Since Open MPI was being used, it was important to note which collective mechanism was employed under the MPI_Reduce()
. The core dumps revealed that the UCX PML module was involved and the fault asserted downstream in UCX's ucp_rndv_progress_rma_zcopy_common()
function.
Solution to the issue came in two distinct stages.
With
MPI_Reduce()
operations over a very large array
the first attempt at a mitigation was to increase the size of the chunks in M_sum_master_d()
. For the sake of testing the desire was to make the chunk size configurable at runtime. The vendor's code (see mpi.F
) includes static work arrays that are dimensioned at compile time. The code was rewritten to dynamically-allocate those work arrays using the compiled-in size by default, overridden by the value of VASP_MPI_BLOCK
in the environment, e.g.
$ mpirun vasp_std : Using default MPI_BLOCK size: 8000 MPI work arrays allocated using MPI_BLOCK : $ VASP_MPI_BLOCK=131072 mpirun vasp_std : Using MPI_BLOCK size from environment: 131072 MPI work arrays allocated using MPI_BLOCK :
Testing showed that the introduction of the variable MPI_BLOCK
and dynamically-allocated work arrays did not affect the performance of VASP. However, the change only delayed the occurrence of the MR cache exhaustion; it did not remove it. Nevertheless, the variable MPI_BLOCK
size seems to be a very useful feature and has been brought to the attention of the VASP developers. Patches for various VASP releases exist in this Github repository.
Ideally, it would be even more useful to respond to VASP_MPI_BLOCK=none
or VASP_MPI_BLOCK=0
by not fragmenting the array and instead issuing a single MPI_Reduce()
. Since many modern transport libraries underpinning MPI effect fragmentation themselves and only as necessary, the conditions that prompted M_sum_master_d()
back in the era of the Intel Pentium no longer exist.
When runtime variation of MPI_BLOCK
did not completely remove the issue, further testing was performed. The data collected eventually led to Google searches that returned a Github issue with the openucx project. In the dialog associated with the issue, one interesting point was raised:
# # Maximal number of regions in the registration cache # # syntax: unsigned long: <number>, "inf", or "auto" # inherits: UCX_RCACHE_MAX_REGIONS # UCX_IB_RCACHE_MAX_REGIONS=inf
By default, the UCX library does not limit the number of memory regions it attempts to register with the underlying InfiniBand hardware. If the MR cache can accommodate N_lines memory regions and an MPI job uses N_r ranks for a collective, then each rank has an effective limit of N_lines / N_r memory regions it can register.
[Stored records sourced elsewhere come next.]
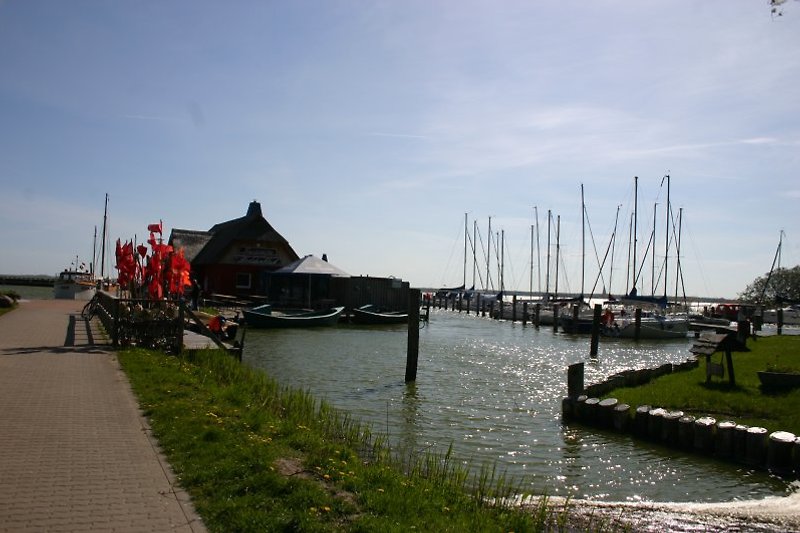 Der Boddenhafen Landseite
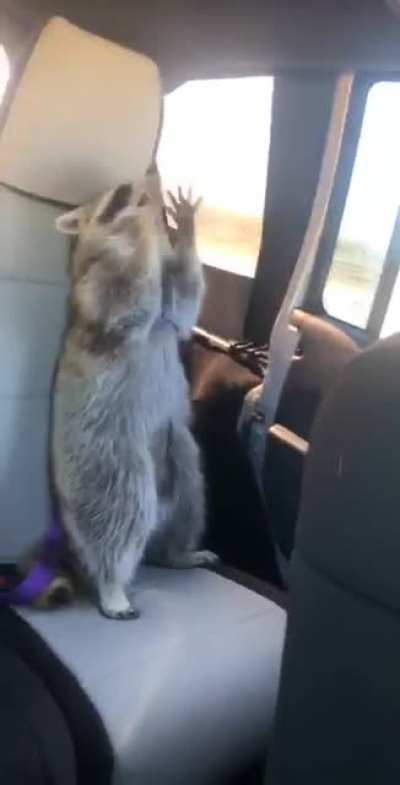 Trying so hard to catch the wind&hellip;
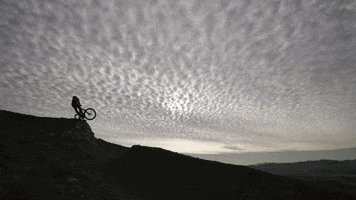 builder GIF by EchoBoom Sports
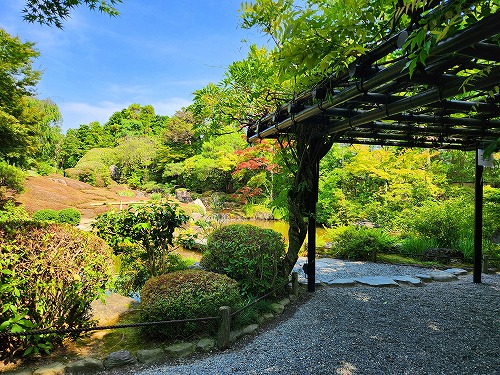 20240611_144513a.jpg (133019 バイト)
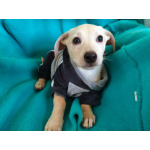 Маленький красивый щенок ищет дом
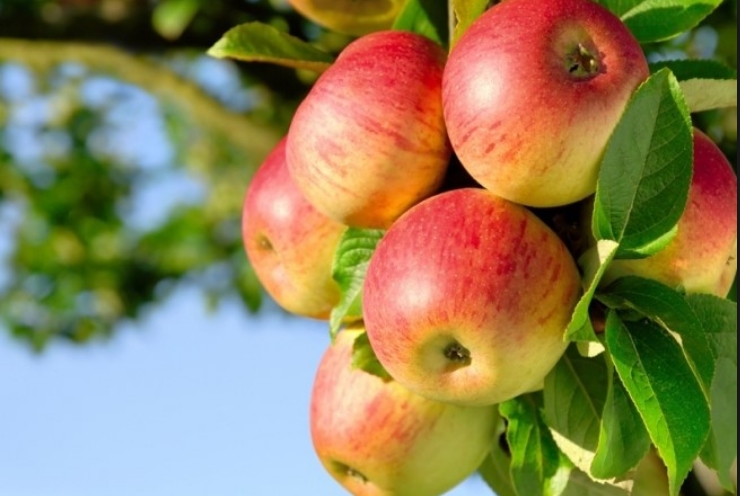 Јаболкото има посебна моќ, еве како делува на вашето здравје и изгледот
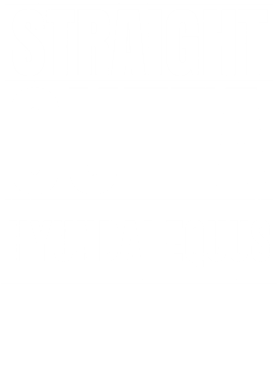 https://d1w8c6s6gmwlek.cloudfront.net/avatshirt.com/overlays/265/511/26551105.png img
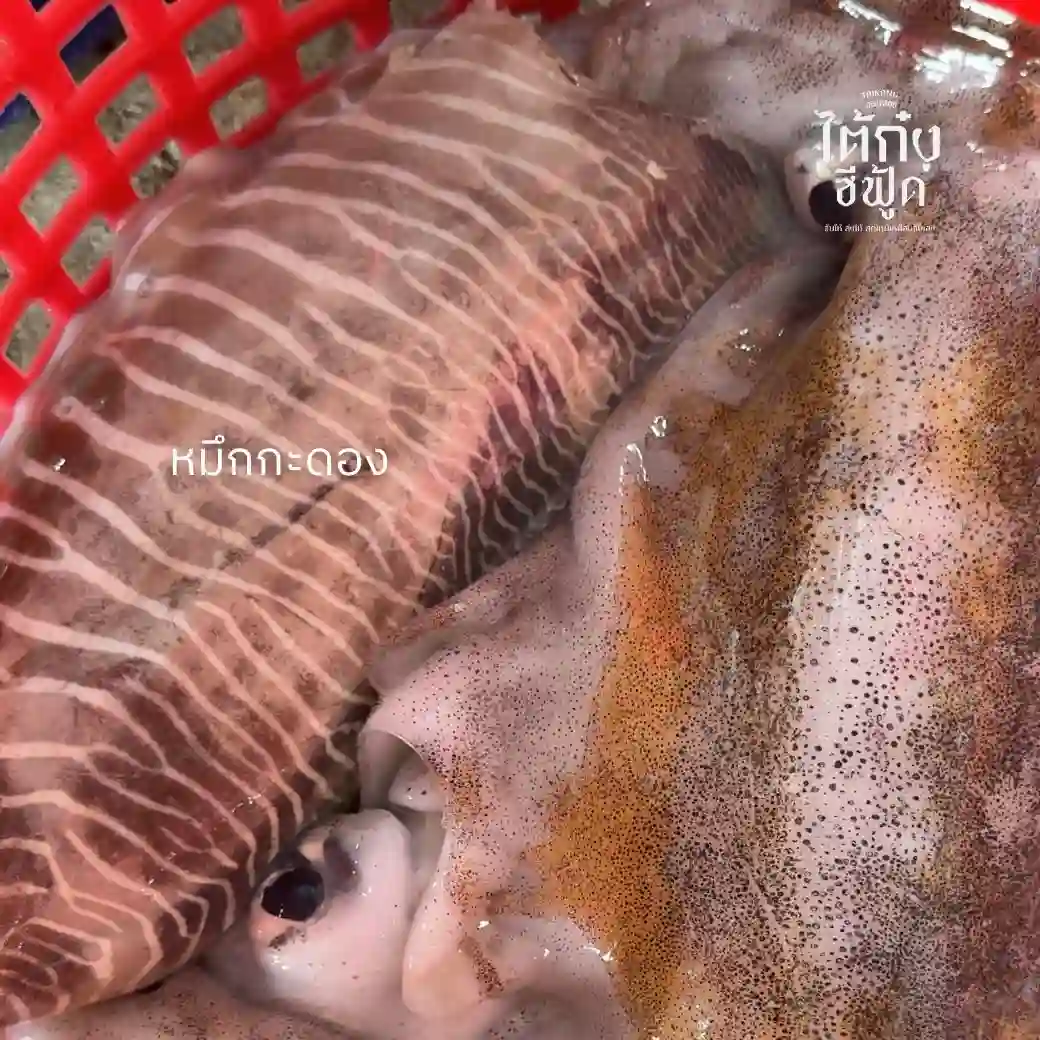 Rainbow Cuttlefish with soft cuttlefish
Obviously, as N_r grows, the MPI program has the potential to saturate the MR cache at a rate N_r times faster than a serial task.
Empirical observation of the MR cache behavior showed sizes in the neighborhood of 600k when the memkey registration failed: for a node with 64 CPU cores and an MPI job doing an i/o operation across all 64 ranks, a limit of ca. 9375 is indicated. A very conservative limit on UCX's registration behavior was tried first:
$ UCX_IB_RCACHE_MAX_REGIONS=500 VASP_MPI_BLOCK=131072 mpirun vasp_std
With the addition of a finite UCX_IB_RCACHE_MAX_REGIONS
to the environment, the program made it past the initial KPAR_SYNC_ALL()
call and successfully iterated through the wavefunction minimization loop.
The default of UCX_IB_RCACHE_MAX_REGIONS=inf
does not necessarily impact all workloads: the majority of MPI jobs run on DARWIN have not encountered the MR cache exhaustion discussed herein. But the fact that the hardware capabilities are over-provisioned by default in UCX is problematic, since most users will have a difficult time debugging this issue when and if it arises.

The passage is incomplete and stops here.